• [ACTION ITEM]:
Pull each line containing "Printed" from the data.

• [GIVEN ENTRIES]:
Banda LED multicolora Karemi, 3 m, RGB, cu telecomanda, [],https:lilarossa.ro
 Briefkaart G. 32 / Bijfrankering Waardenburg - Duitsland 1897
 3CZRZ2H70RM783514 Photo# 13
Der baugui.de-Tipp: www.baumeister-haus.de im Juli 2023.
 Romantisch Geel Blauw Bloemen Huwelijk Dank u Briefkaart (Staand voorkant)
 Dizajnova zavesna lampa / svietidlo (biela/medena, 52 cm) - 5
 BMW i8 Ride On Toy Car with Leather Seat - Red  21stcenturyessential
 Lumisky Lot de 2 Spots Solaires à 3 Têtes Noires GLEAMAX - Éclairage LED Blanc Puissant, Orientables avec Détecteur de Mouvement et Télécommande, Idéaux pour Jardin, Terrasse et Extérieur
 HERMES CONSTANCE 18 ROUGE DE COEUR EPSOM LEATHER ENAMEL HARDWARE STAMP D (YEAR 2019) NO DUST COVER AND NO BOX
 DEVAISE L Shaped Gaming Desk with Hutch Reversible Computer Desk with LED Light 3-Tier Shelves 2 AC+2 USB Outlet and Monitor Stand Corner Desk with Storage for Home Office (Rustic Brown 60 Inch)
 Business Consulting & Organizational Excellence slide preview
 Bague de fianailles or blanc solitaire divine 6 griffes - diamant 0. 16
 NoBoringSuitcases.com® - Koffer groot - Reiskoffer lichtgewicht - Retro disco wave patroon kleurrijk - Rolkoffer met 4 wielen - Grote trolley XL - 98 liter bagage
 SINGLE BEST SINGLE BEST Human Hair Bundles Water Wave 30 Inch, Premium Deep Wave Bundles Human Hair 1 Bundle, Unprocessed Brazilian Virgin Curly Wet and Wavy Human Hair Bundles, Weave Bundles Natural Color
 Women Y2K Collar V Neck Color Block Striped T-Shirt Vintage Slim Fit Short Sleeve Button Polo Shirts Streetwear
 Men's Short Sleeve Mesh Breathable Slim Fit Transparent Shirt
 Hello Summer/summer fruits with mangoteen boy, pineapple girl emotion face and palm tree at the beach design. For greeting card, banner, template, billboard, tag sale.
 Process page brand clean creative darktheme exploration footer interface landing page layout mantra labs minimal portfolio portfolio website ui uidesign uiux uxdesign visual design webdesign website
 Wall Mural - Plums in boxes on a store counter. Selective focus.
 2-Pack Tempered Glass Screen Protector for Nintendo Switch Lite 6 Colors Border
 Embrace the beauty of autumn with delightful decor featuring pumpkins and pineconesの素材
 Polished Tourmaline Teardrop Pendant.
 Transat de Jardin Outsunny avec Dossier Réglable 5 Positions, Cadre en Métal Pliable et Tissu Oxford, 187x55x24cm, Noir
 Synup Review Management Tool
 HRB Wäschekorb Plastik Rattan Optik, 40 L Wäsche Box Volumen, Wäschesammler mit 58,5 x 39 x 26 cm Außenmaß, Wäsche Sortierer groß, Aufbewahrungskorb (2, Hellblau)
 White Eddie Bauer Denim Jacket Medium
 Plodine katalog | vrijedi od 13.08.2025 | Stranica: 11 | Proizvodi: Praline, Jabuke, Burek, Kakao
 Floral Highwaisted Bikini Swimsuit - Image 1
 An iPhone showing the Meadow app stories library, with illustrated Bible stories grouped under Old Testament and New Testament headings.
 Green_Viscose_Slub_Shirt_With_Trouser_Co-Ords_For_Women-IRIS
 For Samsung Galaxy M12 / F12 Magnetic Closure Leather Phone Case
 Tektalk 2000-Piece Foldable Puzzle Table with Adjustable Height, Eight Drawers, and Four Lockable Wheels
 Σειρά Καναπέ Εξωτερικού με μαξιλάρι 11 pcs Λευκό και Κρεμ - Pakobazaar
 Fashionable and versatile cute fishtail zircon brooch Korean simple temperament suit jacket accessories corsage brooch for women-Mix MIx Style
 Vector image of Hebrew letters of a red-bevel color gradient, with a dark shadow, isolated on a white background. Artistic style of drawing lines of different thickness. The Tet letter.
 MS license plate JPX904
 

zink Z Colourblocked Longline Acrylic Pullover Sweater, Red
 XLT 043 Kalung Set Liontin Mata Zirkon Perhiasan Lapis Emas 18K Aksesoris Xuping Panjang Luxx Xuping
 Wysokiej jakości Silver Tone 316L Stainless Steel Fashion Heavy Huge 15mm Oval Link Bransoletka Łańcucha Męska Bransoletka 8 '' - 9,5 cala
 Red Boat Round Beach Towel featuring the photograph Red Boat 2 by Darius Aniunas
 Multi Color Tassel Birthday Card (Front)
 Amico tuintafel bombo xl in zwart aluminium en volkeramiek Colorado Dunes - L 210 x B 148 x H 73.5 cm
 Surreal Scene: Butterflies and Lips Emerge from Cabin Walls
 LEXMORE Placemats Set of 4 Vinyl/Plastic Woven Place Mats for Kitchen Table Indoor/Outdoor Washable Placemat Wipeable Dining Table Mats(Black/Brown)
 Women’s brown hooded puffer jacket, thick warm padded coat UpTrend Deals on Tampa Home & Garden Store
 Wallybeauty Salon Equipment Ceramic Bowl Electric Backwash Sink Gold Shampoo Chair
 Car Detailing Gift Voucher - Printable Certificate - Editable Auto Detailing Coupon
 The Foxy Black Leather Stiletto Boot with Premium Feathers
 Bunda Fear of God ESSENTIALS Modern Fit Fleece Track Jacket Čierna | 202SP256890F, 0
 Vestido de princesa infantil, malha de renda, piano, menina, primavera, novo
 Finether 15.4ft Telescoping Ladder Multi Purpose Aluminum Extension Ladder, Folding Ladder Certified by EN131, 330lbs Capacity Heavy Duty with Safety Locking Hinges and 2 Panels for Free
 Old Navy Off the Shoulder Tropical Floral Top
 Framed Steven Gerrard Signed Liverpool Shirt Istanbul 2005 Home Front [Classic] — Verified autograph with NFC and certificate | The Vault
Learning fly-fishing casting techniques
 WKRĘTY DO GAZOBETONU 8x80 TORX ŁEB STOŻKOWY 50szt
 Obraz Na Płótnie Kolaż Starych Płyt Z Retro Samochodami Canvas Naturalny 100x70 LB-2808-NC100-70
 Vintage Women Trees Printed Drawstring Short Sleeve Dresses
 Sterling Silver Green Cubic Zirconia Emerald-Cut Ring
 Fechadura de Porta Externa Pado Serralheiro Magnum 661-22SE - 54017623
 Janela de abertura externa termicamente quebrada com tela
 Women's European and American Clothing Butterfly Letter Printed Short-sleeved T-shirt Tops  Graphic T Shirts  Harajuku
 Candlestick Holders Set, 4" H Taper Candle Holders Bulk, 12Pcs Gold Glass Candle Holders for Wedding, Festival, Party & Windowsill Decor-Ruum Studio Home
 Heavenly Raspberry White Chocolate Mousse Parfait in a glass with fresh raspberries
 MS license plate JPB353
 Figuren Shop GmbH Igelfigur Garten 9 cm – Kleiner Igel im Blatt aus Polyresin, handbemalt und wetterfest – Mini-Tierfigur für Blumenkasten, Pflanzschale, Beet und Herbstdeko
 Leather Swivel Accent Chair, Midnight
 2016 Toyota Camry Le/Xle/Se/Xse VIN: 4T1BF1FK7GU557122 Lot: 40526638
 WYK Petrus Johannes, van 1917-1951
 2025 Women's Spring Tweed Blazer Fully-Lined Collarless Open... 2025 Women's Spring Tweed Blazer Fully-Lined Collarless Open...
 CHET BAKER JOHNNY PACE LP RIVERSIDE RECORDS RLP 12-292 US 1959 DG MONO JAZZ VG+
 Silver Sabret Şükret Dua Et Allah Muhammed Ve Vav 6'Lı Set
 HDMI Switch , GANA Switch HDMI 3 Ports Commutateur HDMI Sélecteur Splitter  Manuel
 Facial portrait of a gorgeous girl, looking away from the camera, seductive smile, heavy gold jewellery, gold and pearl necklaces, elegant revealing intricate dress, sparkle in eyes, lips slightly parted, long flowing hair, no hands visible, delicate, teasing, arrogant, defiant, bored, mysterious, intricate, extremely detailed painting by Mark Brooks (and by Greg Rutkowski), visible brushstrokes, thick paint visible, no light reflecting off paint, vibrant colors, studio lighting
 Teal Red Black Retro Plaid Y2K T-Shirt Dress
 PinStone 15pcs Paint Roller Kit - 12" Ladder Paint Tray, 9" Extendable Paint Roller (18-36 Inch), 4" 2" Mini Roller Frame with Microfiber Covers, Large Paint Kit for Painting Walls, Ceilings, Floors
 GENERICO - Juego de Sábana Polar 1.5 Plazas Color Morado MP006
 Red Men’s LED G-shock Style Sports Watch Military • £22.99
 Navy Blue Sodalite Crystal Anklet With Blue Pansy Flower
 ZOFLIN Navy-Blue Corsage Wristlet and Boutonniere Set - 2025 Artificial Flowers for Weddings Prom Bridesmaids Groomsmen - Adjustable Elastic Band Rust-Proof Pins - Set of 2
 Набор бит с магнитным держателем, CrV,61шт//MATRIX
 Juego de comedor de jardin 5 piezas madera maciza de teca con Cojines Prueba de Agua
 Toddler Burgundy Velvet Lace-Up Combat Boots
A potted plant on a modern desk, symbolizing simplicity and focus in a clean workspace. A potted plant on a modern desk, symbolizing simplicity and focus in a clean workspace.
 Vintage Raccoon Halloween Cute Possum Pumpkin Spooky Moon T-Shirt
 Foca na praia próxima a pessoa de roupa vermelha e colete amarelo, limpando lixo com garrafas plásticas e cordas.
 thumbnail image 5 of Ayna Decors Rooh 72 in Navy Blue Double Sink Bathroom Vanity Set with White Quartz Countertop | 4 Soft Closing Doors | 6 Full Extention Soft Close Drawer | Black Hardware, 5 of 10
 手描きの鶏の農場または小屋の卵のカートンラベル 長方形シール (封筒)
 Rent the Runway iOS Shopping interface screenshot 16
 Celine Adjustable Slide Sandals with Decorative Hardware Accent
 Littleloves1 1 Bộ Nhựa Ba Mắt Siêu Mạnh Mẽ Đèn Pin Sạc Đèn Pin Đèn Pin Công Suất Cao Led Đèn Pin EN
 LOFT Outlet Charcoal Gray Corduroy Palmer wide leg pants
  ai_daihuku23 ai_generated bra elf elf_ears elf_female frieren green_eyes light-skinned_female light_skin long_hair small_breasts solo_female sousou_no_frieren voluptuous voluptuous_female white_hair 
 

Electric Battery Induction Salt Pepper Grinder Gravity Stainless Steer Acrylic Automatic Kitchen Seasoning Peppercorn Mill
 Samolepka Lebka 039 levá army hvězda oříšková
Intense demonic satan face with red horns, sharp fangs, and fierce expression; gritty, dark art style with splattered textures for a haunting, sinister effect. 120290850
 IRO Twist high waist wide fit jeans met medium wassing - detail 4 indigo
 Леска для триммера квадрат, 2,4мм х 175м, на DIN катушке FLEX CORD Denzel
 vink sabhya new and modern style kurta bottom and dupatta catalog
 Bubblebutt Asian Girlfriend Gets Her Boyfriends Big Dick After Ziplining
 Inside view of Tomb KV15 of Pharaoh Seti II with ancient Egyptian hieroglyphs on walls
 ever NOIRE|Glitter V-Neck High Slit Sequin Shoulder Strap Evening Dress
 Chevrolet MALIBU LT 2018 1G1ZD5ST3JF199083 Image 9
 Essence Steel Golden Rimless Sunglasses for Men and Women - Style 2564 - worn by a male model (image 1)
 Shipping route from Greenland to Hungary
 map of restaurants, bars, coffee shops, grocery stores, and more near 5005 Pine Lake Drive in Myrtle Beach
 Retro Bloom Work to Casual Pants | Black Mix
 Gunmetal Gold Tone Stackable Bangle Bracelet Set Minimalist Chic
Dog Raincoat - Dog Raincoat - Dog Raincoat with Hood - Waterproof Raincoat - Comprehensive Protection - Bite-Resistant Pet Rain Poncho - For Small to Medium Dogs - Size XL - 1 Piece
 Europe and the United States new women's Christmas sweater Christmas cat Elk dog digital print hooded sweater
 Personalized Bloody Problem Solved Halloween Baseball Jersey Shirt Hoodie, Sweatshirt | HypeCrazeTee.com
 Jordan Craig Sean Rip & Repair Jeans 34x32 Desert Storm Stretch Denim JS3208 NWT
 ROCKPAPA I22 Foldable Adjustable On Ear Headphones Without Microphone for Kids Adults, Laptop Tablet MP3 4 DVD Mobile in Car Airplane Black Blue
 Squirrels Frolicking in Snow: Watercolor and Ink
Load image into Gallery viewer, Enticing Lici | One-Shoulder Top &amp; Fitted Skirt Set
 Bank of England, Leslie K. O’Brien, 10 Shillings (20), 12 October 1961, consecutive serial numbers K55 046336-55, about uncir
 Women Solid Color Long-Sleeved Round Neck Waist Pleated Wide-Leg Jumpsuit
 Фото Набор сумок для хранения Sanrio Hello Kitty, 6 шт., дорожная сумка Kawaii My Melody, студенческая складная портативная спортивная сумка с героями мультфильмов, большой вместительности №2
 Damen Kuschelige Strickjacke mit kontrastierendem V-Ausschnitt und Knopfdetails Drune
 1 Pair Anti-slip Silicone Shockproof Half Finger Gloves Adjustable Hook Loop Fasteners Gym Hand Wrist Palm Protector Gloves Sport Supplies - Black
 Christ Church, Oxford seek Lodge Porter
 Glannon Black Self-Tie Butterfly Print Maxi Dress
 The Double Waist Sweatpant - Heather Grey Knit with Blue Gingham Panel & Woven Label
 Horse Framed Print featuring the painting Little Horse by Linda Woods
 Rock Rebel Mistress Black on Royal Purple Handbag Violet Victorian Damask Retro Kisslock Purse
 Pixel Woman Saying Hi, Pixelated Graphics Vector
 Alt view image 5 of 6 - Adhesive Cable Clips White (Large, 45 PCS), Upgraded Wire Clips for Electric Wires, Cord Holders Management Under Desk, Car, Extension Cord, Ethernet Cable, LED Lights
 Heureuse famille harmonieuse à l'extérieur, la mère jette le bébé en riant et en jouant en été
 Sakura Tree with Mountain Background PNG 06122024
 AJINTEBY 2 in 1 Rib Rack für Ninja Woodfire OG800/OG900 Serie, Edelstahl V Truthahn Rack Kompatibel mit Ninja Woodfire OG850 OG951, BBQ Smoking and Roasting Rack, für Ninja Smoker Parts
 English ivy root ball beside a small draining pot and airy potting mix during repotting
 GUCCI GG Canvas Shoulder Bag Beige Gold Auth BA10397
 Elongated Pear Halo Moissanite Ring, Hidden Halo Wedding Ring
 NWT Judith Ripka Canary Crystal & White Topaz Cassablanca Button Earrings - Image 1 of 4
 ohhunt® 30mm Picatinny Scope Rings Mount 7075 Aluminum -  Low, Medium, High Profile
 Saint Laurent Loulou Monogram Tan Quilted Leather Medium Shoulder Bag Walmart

• [OUTPUT BELOW]:
 Vintage Women Trees Printed Drawstring Short Sleeve Dresses
 Women's European and American Clothing Butterfly Letter Printed Short-sleeved T-shirt Tops  Graphic T Shirts  Harajuku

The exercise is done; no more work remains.